I saw where he got his wide grin, and his deep gray eyes, too, when the woman moved closer. Alex looked quite a lot like his mother, though I had a hard time believing he’d ever have allowed himself to look so haggard.
“Ma,” he said in a cool, distant voice nothing like her adoring tone. “This is Olivia.”
I stepped out from behind him with a smile on my face. I wasn’t expecting a warm embrace and was, in fact, hoping for nothing more intimate than a handshake. I didn’t even get that.
What made it worse was that she’d moved toward me, arms half-open, then stopped. “Oh…hello.”
I saw her gaze travel over my face and linger on my hair, pulled back today with the locks twisted into a braid. Then she glanced at my hand, caught tight in her son’s.
I’ve had my share of curious looks, especially from people who’ve met my parents first. Sometimes it’s been the other way around. I’ve been judged on the color of my skin before I ever opened my mouth, and not always by white people. But I’d never, until that moment, been so awkwardly and uncomfortably aware of another person’s reaction upon seeing me.
“Mother,” Alex said sharply. “This is Olivia. My fiancée.”
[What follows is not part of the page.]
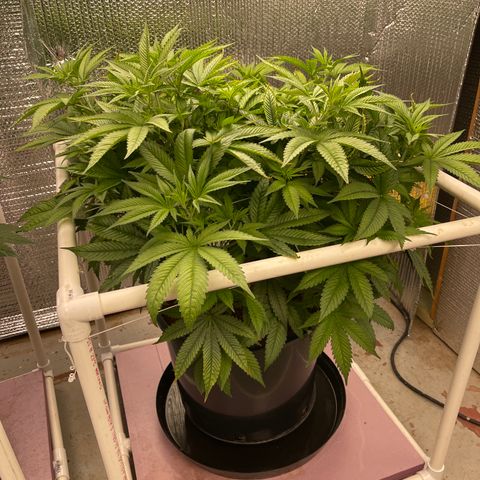 Harle Quin growlog timeline photo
“Oh…yes, of course. Olivia.” Mrs. Kennedy, who still didn’t have a first name to me, put on a smile. She wiped her
hands over and over on the dish towel she grabbed up from the counter “Come in! Come in. Dinner’s going to be ready real soon. I’ll have to call your dad. He’s down in the basement. Come here, A.J., and give your mom a kiss.”
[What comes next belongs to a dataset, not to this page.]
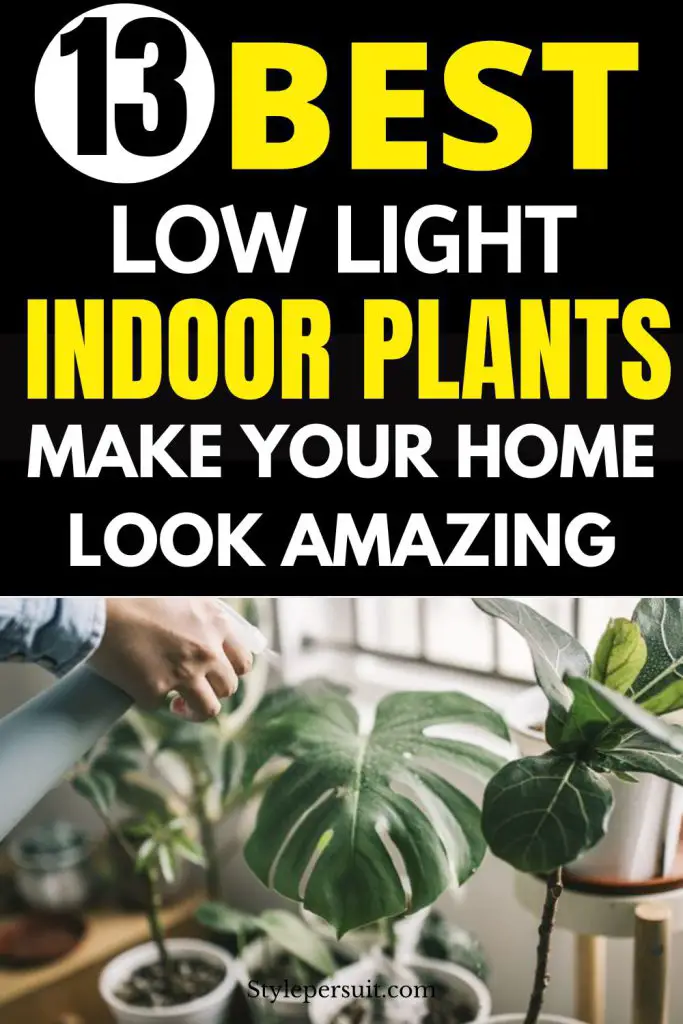 Low-Light Indoor Plants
He moved dutifully forward. Her fingers scrabbled at him, striving to keep him close a moment longer. He pulled away gently. Her eyes skated over him, drinking in the sight with such painfully obvious pleasure I didn’t want to see it.
“You two go into the living room. Your sisters are there. With the kids. They’ll be so happy to see you. Let me go get your dad.”
“Okay.” Alex took my hand again. “C’mon, babe, let’s go say hi.”
I swallowed hard and lifted my chin, girding myself for more stunned looks, but Alex’s sisters, at least, didn’t seem as shocked as his mother. He had three, all much younger. Tanya, Johanna and Denise. All of them had multiple children, ranging in age from late teens to drooling toddler, and I got the impression there were other kids missing. Not a husband in sight, though Johanna and Denise both wore plain gold wedding bands.
Alex greeted his sisters with easier affection than he had his mother, and they in turn hugged the breath out of him and slapped him around a little in the way younger sisters can do to older brothers. I knew that from experience. I hung back, not wanting to interject myself into the flurry of their questions, but Alex turned and drew me forward, my hand in his. He didn’t abandon me.